A Red Hat training course is available for Red Hat Enterprise Linux

Chapter 9. Networking

The networking subsystem is comprised of a number of different parts with sensitive connections. Red Hat Enterprise Linux 7 networking is therefore designed to provide optimal performance for most workloads, and to optimize its performance automatically. As such, it is not usually necessary to manually tune network performance. This chapter discusses further optimizations that can be made to functional networking systems.
Network performance problems are sometimes the result of hardware malfunction or faulty infrastructure. Resolving these issues is beyond the scope of this document.

9.1. Considerations

To make good tuning decisions, you need a thorough understanding of packet reception in Red Hat Enterprise Linux. This section explains how network packets are received and processed, and where potential bottlenecks can occur.
A packet sent to a Red Hat Enterprise Linux system is received by the network interface card (NIC) and placed in either an internal hardware buffer or a ring buffer. The NIC then sends a hardware interrupt request, prompting the creation of a software interrupt operation to handle the interrupt request.
As part of the software interrupt operation, the packet is transferred from the buffer to the network stack. Depending on the packet and your network configuration, the packet is then forwarded, discarded, or passed to a socket receive queue for an application and then removed from the network stack. This process continues until either there are no packets left in the NIC hardware buffer, or a certain number of packets (specified in /proc/sys/net/core/dev_weight) are transferred.
The Red Hat Enterprise Linux Network Performance Tuning Guide available on the Red Hat Customer Portal contains information on packet reception in the Linux kernel, and covers the following areas of NIC tuning: SoftIRQ misses (netdev budget), tuned tuning daemon, numad NUMA daemon, CPU power states, interrupt balancing, pause frames, interrupt coalescence, adapter queue (netdev backlog), adapter RX and TX buffers, adapter TX queue, module parameters, adapter offloading, Jumbo Frames, TCP and UDP protocol tuning, and NUMA locality.

9.1.1. Before You Tune

Network performance problems are most often the result of hardware malfunction or faulty infrastructure. Red Hat highly recommends verifying that your hardware and infrastructure are working as expected before beginning to tune the network stack.
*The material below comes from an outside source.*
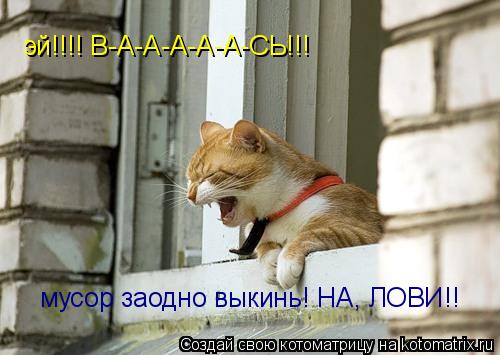Котоматрица: эй!!!! В-А-А-А-А-А-СЬ!!! мусор заодно выкинь! НА, ЛОВИ!!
9.1.2. Bottlenecks in Packet Reception

While the network stack is largely self-optimizing, there are a number of points during network packet processing that can become bottlenecks and reduce performance.
The NIC hardware buffer or ring buffer
The hardware buffer might be a bottleneck if a large number of packets are being dropped. For information about monitoring your system for dropped packets, see Section 9.2.4, “ethtool”.
The hardware or software interrupt queues
Interrupts can increase latency and processor contention. For information on how interrupts are handled by the processor, see Section 6.1.3, “Interrupt Request (IRQ) Handling”. For information on how to monitor interrupt handling in your system, see Section 6.2.3, “/proc/interrupts”. For configuration options that affect interrupt handling, see Section 6.3.7, “Setting Interrupt Affinity on AMD64 and Intel 64”.
The socket receive queue for the application
A bottleneck in an application's receive queue is indicated by a large number of packets that are not copied to the requesting application, or by an increase in UDP input errors (InErrors) in /proc/net/snmp. For information about monitoring your system for these errors, see Section 9.2.1, “ss” and Section 9.2.5, “/proc/net/snmp”.